To qualify for an SBA-backed loan, you will need to meet the eligibility requirements of the specific program under which you are applying. For example, the 7(a) program generally requires that you have a credit score of 640 or higher.

Get a Secured Business Credit Card

One way to get a small business loan with bad credit is to get a secured business credit card. This is a credit card that is backed by collateral, such as a savings account. This means that if you default on the loan, the lender can take the money out of the account to repay the debt. This type of loan is easier to qualify for than an unsecured loan, but it does require that you have some collateral to put up for the loan.

Find a Cosigner

A cosigner is an individual with good credit who agrees to sign your loan with you.
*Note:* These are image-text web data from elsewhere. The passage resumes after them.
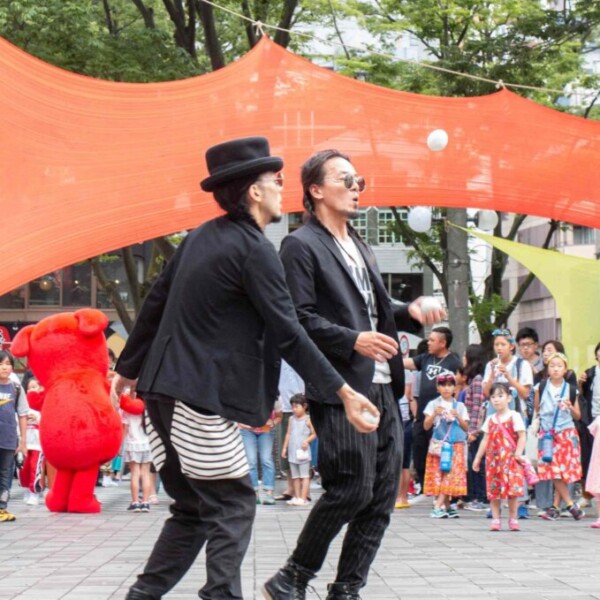 千葉中央公園でセイムセイムの大道芸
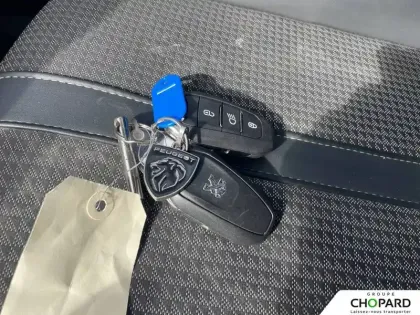 Photo 13 Peugeot 2008  BlueHDi 130 S&S EAT8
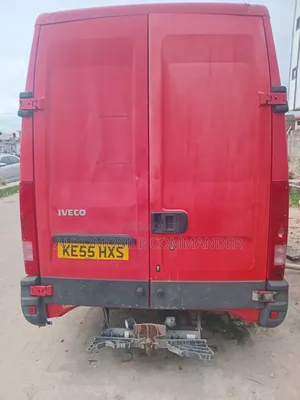 Iveco Daily 2015 Red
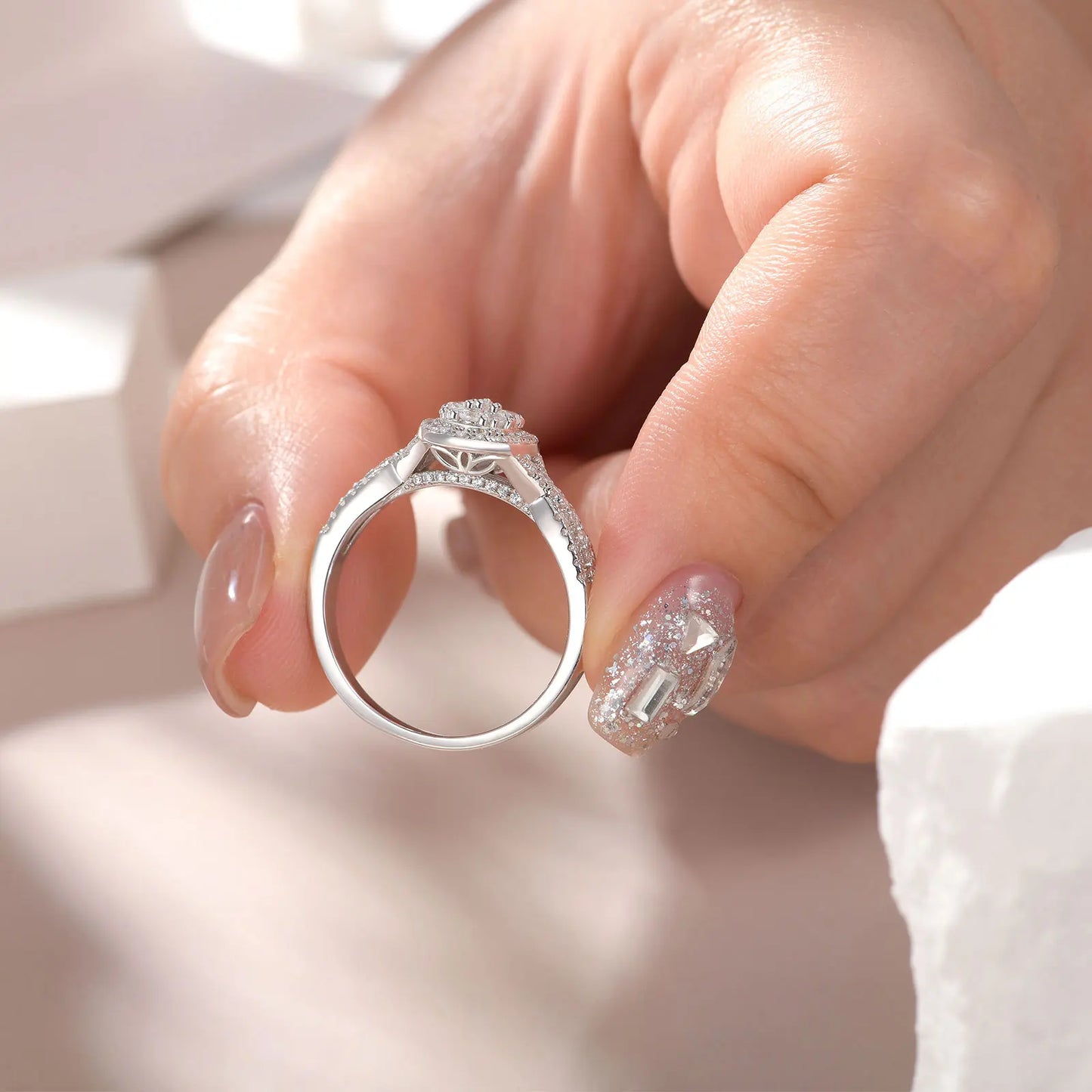 Newshe 925 Sterling Silver Wedding Rings Set Women Oval Halo Cubic Zircon Engagement Jewelry Gift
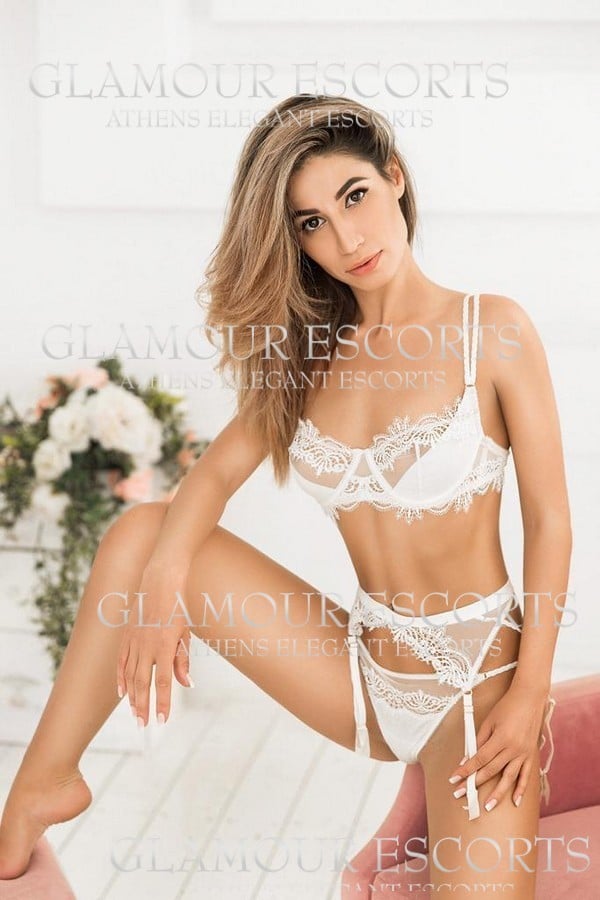 Dianna3 (GlamourEscorts)  escort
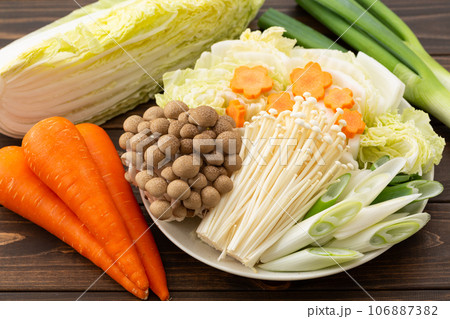 しゃぶしゃぶ用の鍋野菜 しゃぶしゃぶ用の鍋野菜 106887382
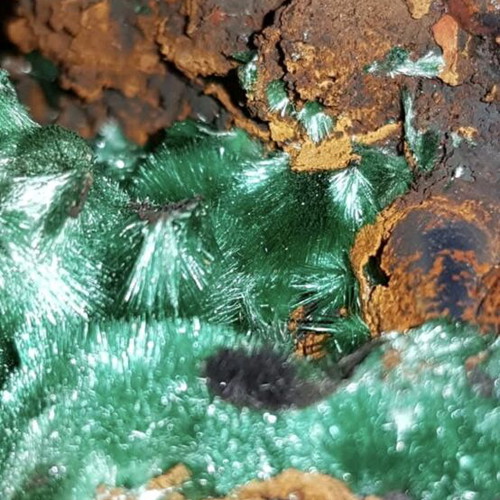 Brochantite like new, fibrous 11×7×6.5 cm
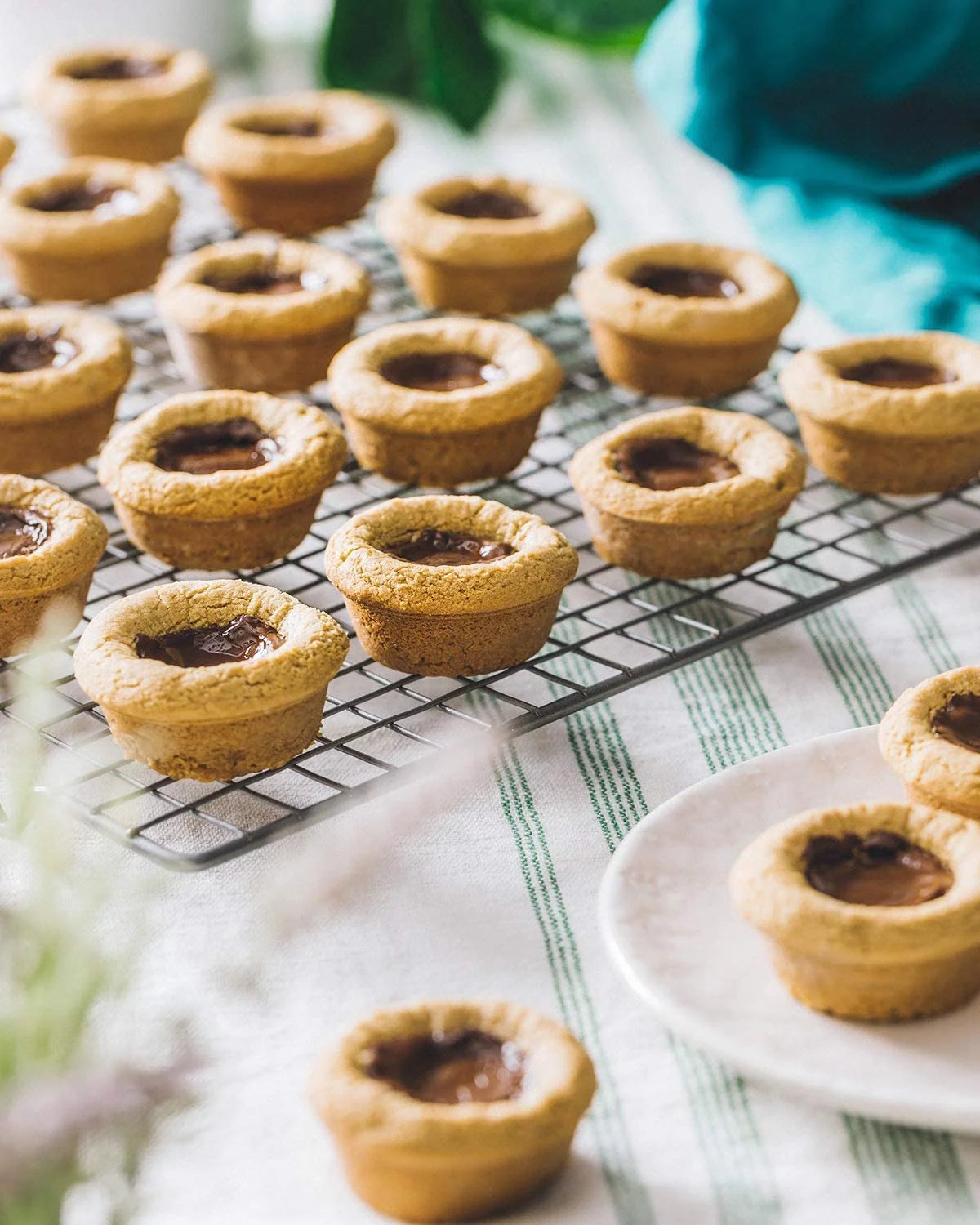 Chocolate Sun Cups Minis Gluten-Free Dairy-Free Nut-Free Soy-Free 4.2 Oz Pack of 6 X355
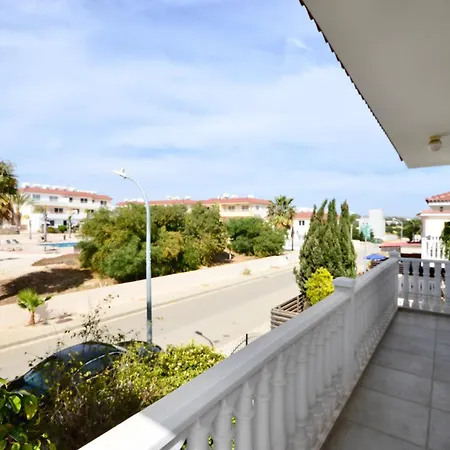 Вилла Sleeps 8 With Private Pool *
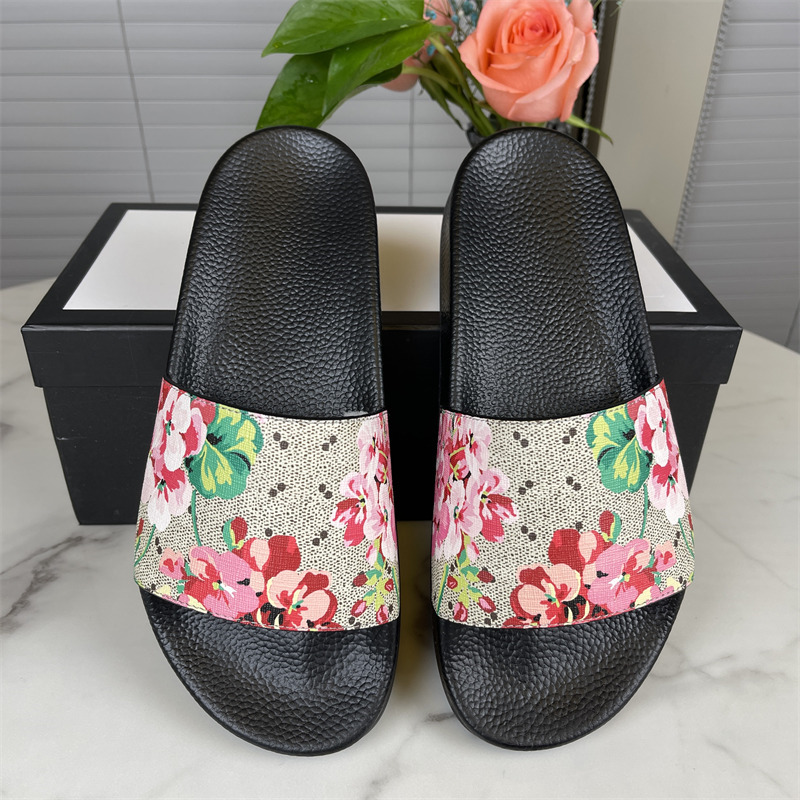 

2022 Men Womens Slippers Top Quality Men Women Slipper Font Shoes Slide Fashion Sandals Flat Flip Flop With Box Size 35-48, Chocolate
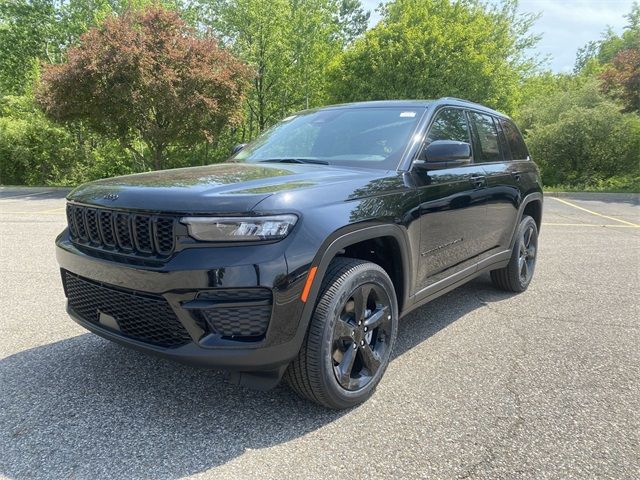 2024 Jeep Grand Cherokee Altitude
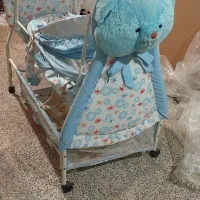 گهواره کودک خرسی در حد نو|تخت و صندلی بچه|یزد, |دیوار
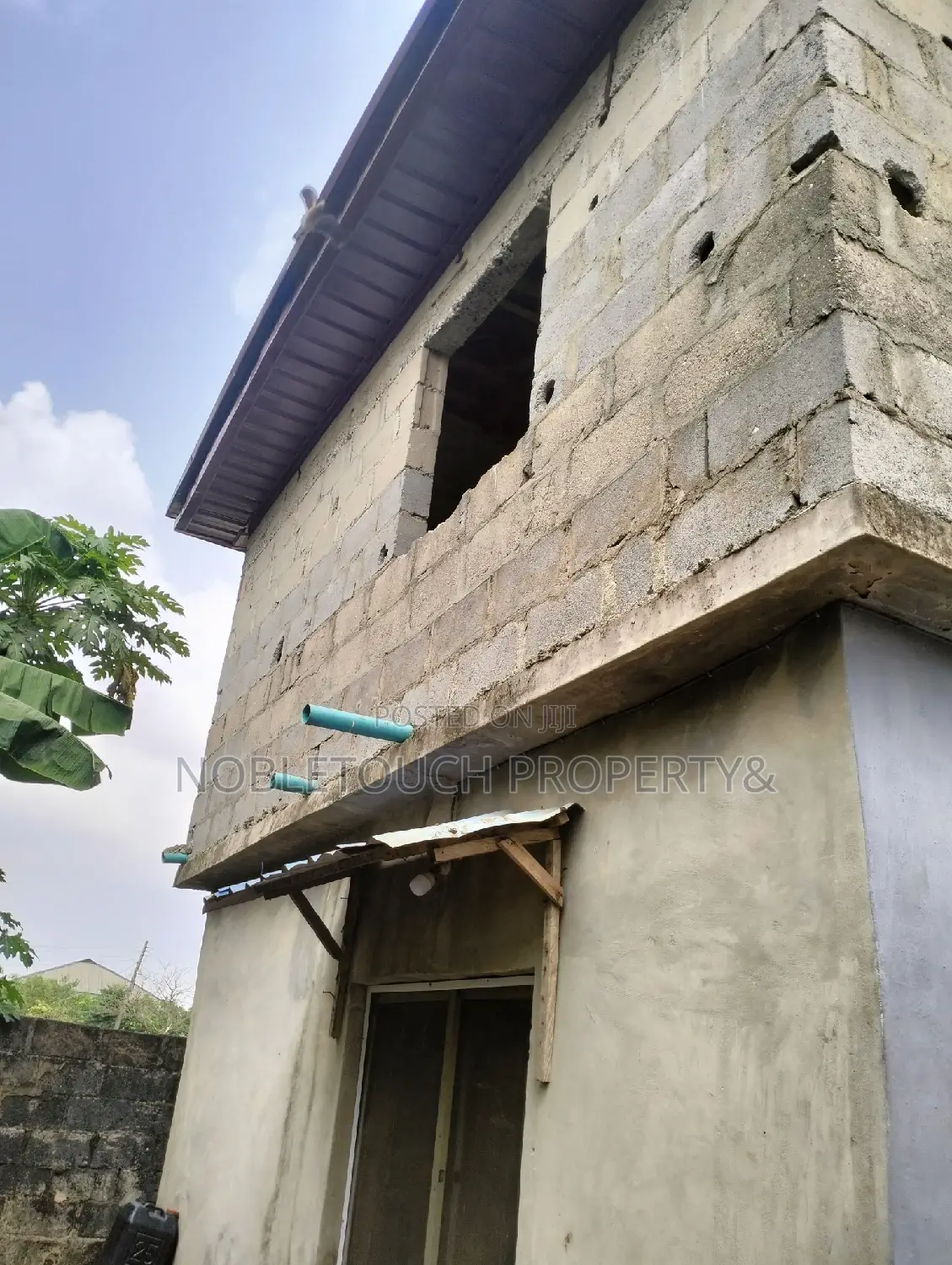 3bdrm Block of Flats in Governor Road Ikotun, Iseri Olofin for sale in Iseri Olofin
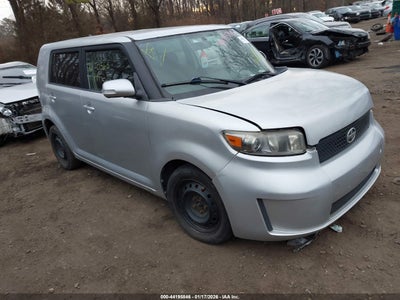 SCION XB 2010
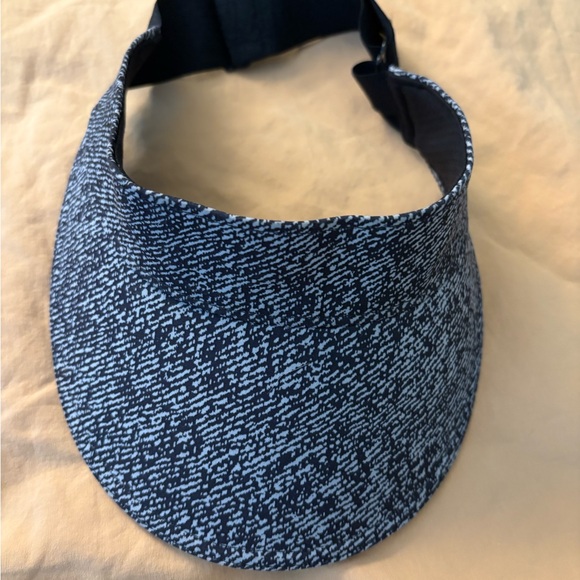 Lululemon lightweight Visor Cap - Picture 1 of 4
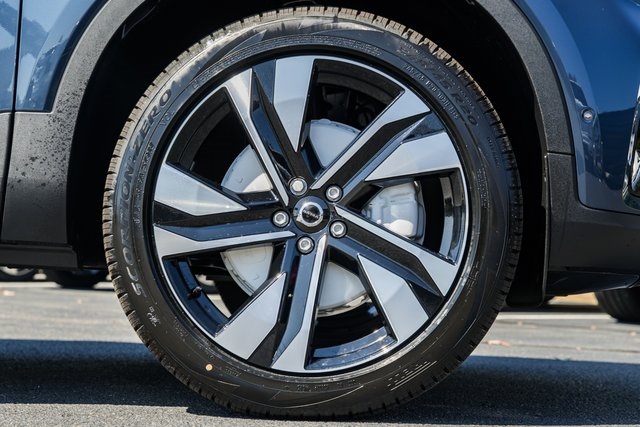 2026 Volvo XC40 photo 13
The cosigner agrees to take on the legal responsibility of repaying the debt if you default on the loan. This makes lenders much more likely to approve your loan because they know they have someone else to rely on if you can’t make your payments.

One downside of using a cosigner is that it puts a lot of pressure on your relationship with that person. If you default on the loan, not only will your credit score take a hit, but so will the cosigner’s. Make sure you are confident in your ability to repay the loan before asking someone to cosign.

Use Collateral

If your business is young and you don’t have much in the way of business credit, you may still be able to get a loan by using collateral. Collateral is an asset that can be used to secure a loan. If you default on the loan, your lender can seize the asset and use it to repay the debt.

For example, let’s say you need a $10,000 loan to buy new inventory. You might be able to use your personal vehicle as collateral. If you default on the loan, your lender could repossess your car and sell it to repay the debt.

Of course, this isn’t ideal. You could lose your personal vehicle if you can’t repay the loan. And, if you default on a secured loan, it will also damage your personal credit score. But if you have no other option, using collateral may be a way to get the funding you need.